Derived Representation Schemes and Noncommutative Geometry

Some 15 years ago M. Kontsevich and A. Rosenberg [KR] proposed a heuristic principle according to which the family of schemes ${Rep_n(A)}$ parametrizing the finite-dimensional represen- tations of a noncommutative algebra A should be thought of as a substitute or "approximation" for Spec(A). The idea is that every property or noncommutative geometric structure on A should induce a corresponding geometric property or structure on $Rep_n(A)$ for all n. In recent years, many interesting structures in noncommutative geometry have originated from this idea. In practice, however, if an associative algebra A possesses a property of geometric nature (e.g., A is a NC complete intersection, Cohen-Macaulay, Calabi-Yau, etc.), it often happens that, for some n, the scheme $Rep_n(A)$ fails to have the corresponding property in the usual algebro-geometric sense.

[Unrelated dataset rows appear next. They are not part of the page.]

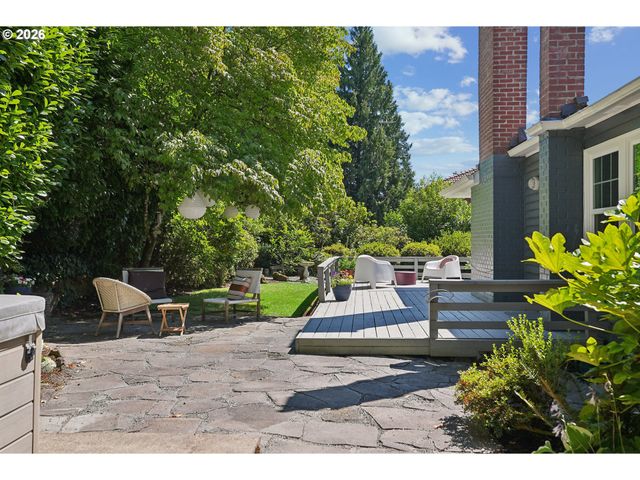7250 Sw BENZ PARK Dr, Portland, OR 97225
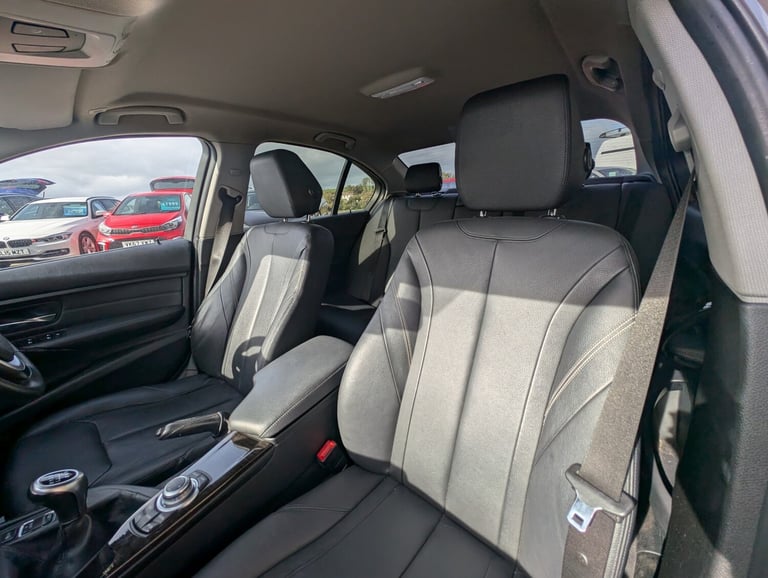 BMW 3 SERIES 2.0 320d Luxury Saloon 2014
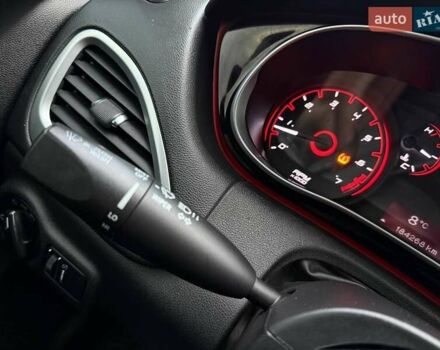 Синий Додж Дарт, объемом двигателя 2 л и пробегом 187 тыс. км за 6990 $, фото 18 на Automoto.ua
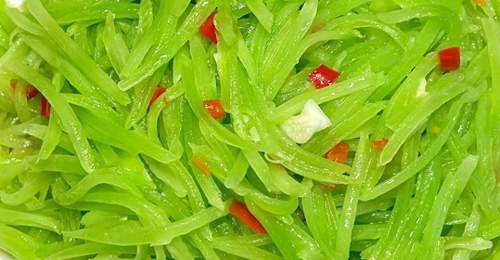 今日小暑,必做“2菜1肉”给老人吃,寓意消暑解毒,平安入伏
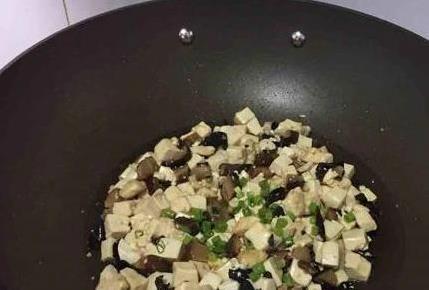 豆腐加肉末香翻天，20分钟上桌，比海鲜还美味？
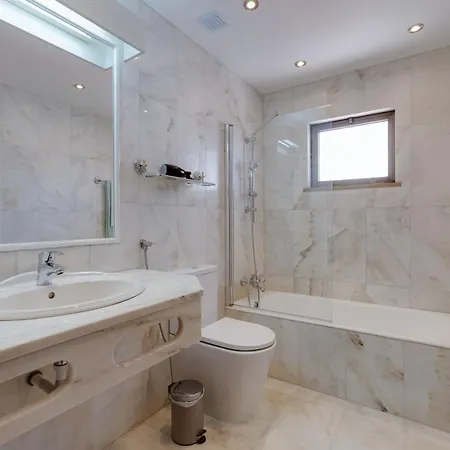 Beachtime - Oura 公寓 *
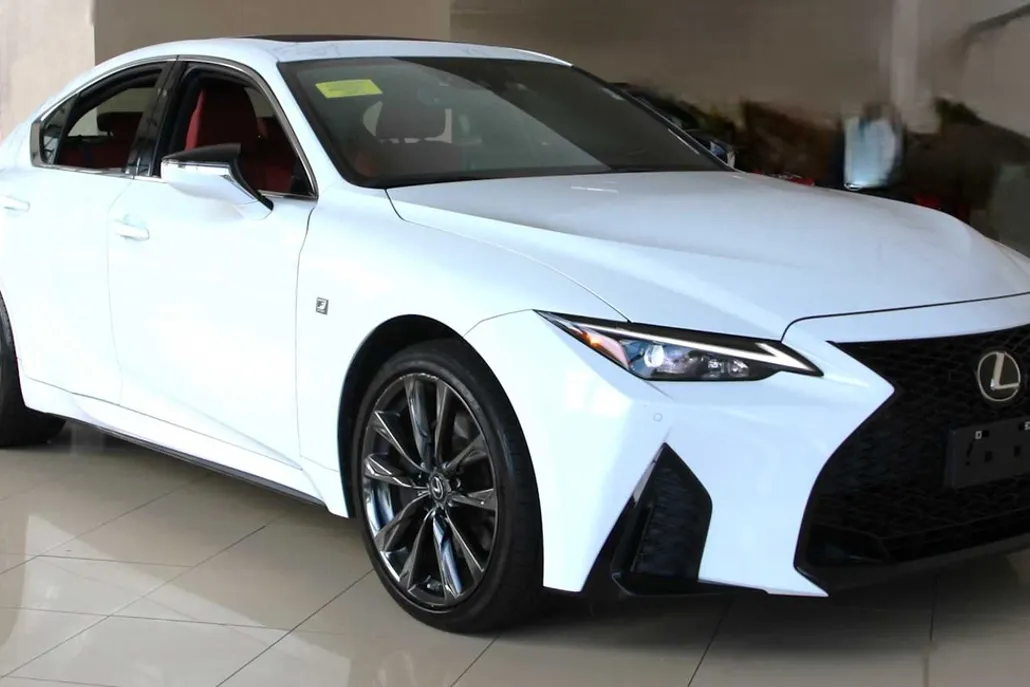 2022 Lexus IS 350 F SPORT photo 1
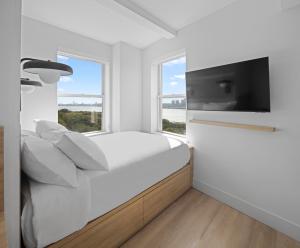 Riverside Tower Hotel - Nearby Attractions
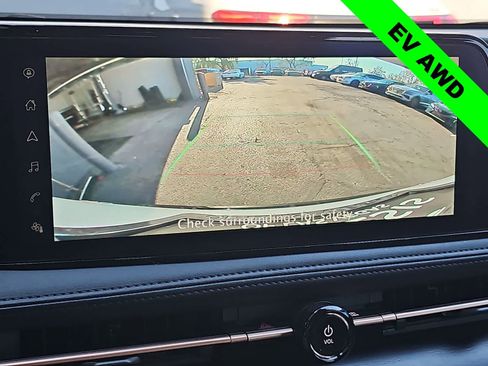 Used 2023 Nissan Ariya AWD image 26
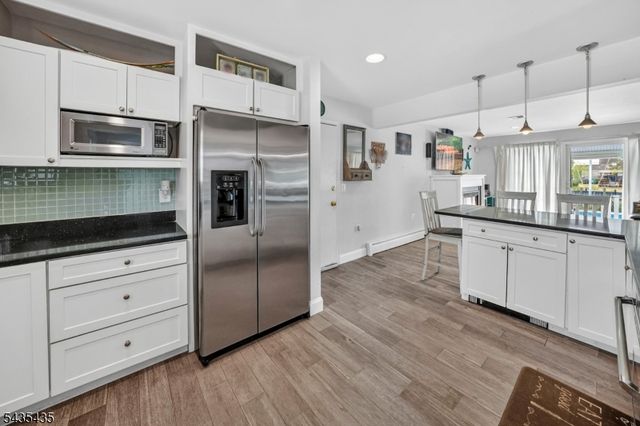 378 Bayview Ave, Berkeley Twp., NJ 08721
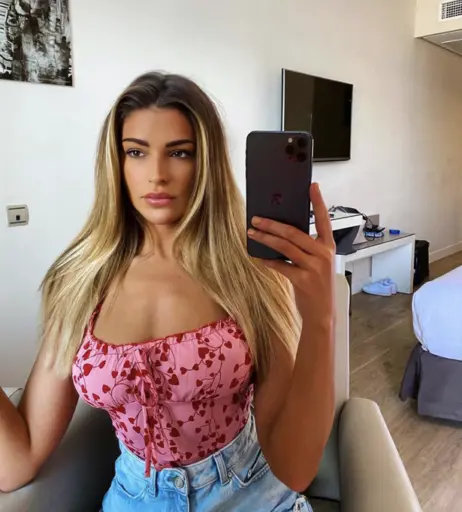 Image 1766351 from Zara McDermott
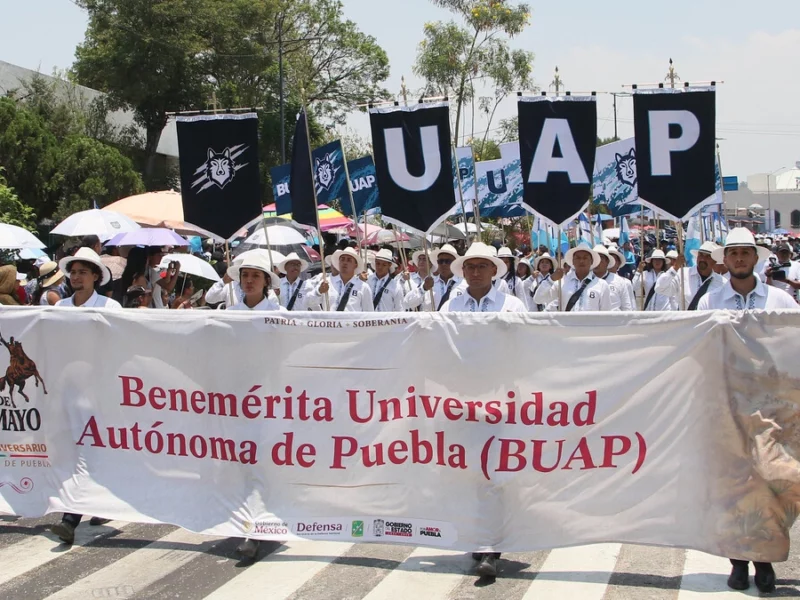 Participa BUAP en el desfile conmemorativo por el 164 Aniversario de la Batalla del 5 de Mayo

The reason for this seems to be that the representation functor $Rep_n$ is not "exact" and should be replaced by its derived functor $DRep_n$ (in the sense of non-abelian homological algebra). The higher homology of $DRep_n(A)$, which we call representation homology, obstructs $Rep_n(A)$ from having the desired property and thus measures the failure of the Kontsevich-Rosenberg "approximation." In this paper, which is mostly a survey, we prove several results confirming this intuition. We also give a number of examples and explicit computations illustrating the theory developed in [BKR] and [BR].